Com registo de episódios de violência em vários pontos do país mas com destaque para a cidade de Durban, e com um registo de dezenas de feridos e vários mortos, que vão de três a mais de uma dezena, de acordo com várias fontes, carros e lojas de estrangeiros incendiadas, pessoas agredidas na rua sob a acusação de que estão a roubar os empregos aos sul-africanos, o Presidente Cyril Ramaphosa, depois de ter feito de incendiário veio a público na condição de bombeiro para tentar apagar o fogo social que o próprio ajudou a alastrar.

Mesmo que nas suas palavras não tenha recorrido ao termo estrangeiro, a verdade é que este tipo de situação não é nova na África do Sul, havendo, desde o fim do apartheid, em 1994, dezenas de períodos de grande tensão e violência xenófoba, coincidindo com o aprofundar da crise económica que o país vive, e que é cada vez mais intensa, sendo natural que as comunidades mais afectadas pelo desemprego tenha interpretado as suas palavras como uma espécie de autorização "oficial" para atacar estrangeiros.

Face ao resultado das suas palavras, Ramaphosa procurou corrigir o tiro dizendo que este tipo de incidentes "violam tudo aquilo pelo qual o povo sul-africano lutou durante muitas décadas", enfatizando a sua "firme condenação" dos episódios porque não é isso que define o povo da África do Sul.

Entretanto, num esforço suplementar para atacar o problema, a ministra das Relações Internacionais e Cooperação, Lindiwe Sisulu, agendou para hoje uma reunião com os embaixadores da Comunidade de Desenvolvimento da África Austral, da Índia, do Paquistão e do Bangladesh, por serem as comunidades mais atingidas, com quem pretende discutir a onda de violência xenófoba, contando também com o ministro da Polícia, Bhekokwakhe "Bheki" Hamilton Cele.

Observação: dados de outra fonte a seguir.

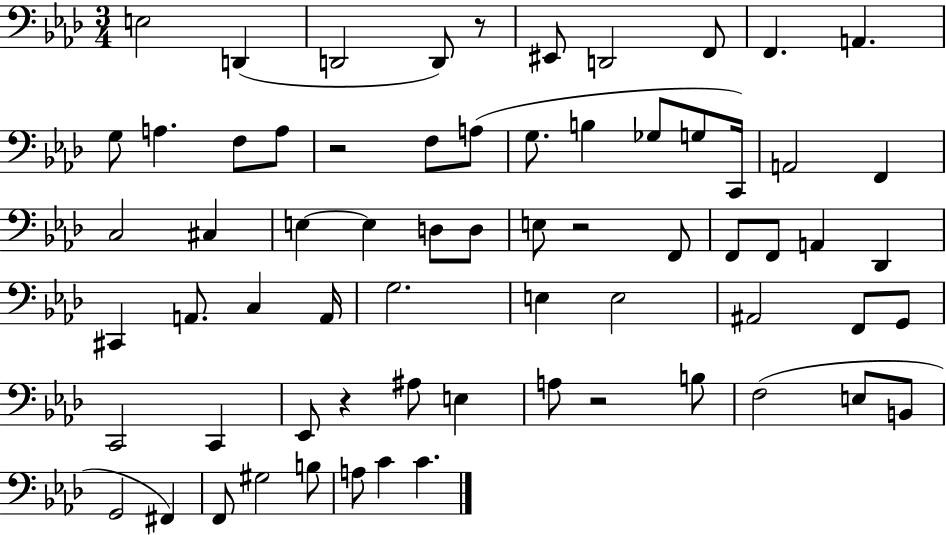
X:1
T:Untitled
M:3/4
L:1/4
K:Ab
E,2 D,, D,,2 D,,/2 z/2 ^E,,/2 D,,2 F,,/2 F,, A,, G,/2 A, F,/2 A,/2 z2 F,/2 A,/2 G,/2 B, _G,/2 G,/2 C,,/4 A,,2 F,, C,2 ^C, E, E, D,/2 D,/2 E,/2 z2 F,,/2 F,,/2 F,,/2 A,, _D,, ^C,, A,,/2 C, A,,/4 G,2 E, E,2 ^A,,2 F,,/2 G,,/2 C,,2 C,, _E,,/2 z ^A,/2 E, A,/2 z2 B,/2 F,2 E,/2 B,,/2 G,,2 ^F,, F,,/2 ^G,2 B,/2 A,/2 C C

Lindiwe Sisulu foi a primeira a sair a público para tentar reparar os danos provocados pelas palavras de Ramaphosa, enfatizando as preocupações do Governo do ANC, partido histórico que dirige o país desde o fim do apartheid mas que tem vindo a perder fulgor eleitoral no país nos últimos actos eleitorais devido não só à corrupção mas essencialmente pela aparente incapacidade para resolver os problemas económicos da África do Sul e que tem nestas eleições de 08 de Maio um teste de extrema importância para o seu futuro.

"Reconhecemos (o Governo a que pertence) os sacrifícios de cidadãos de muitos países africanos que foram muito importantes para o fim do regime do apartheid", disse a ministra, procurando atenuar o ímpeto sanguinário contra as comunidades estrangeiras, com os ataques massivos contra moçambicanos e zimbabueanos há uns anos, que fizeram muitas dezenas de mortos.

Recorde-se que alguns dos episódios desta onda de violência foram filmados e os vídeos colocados nas redes sociais, nomeadamente de camiões e outros veículos comerciais a arder, ataques a pessoas indefesas, etc, o que gerou uma forte indignação internacional.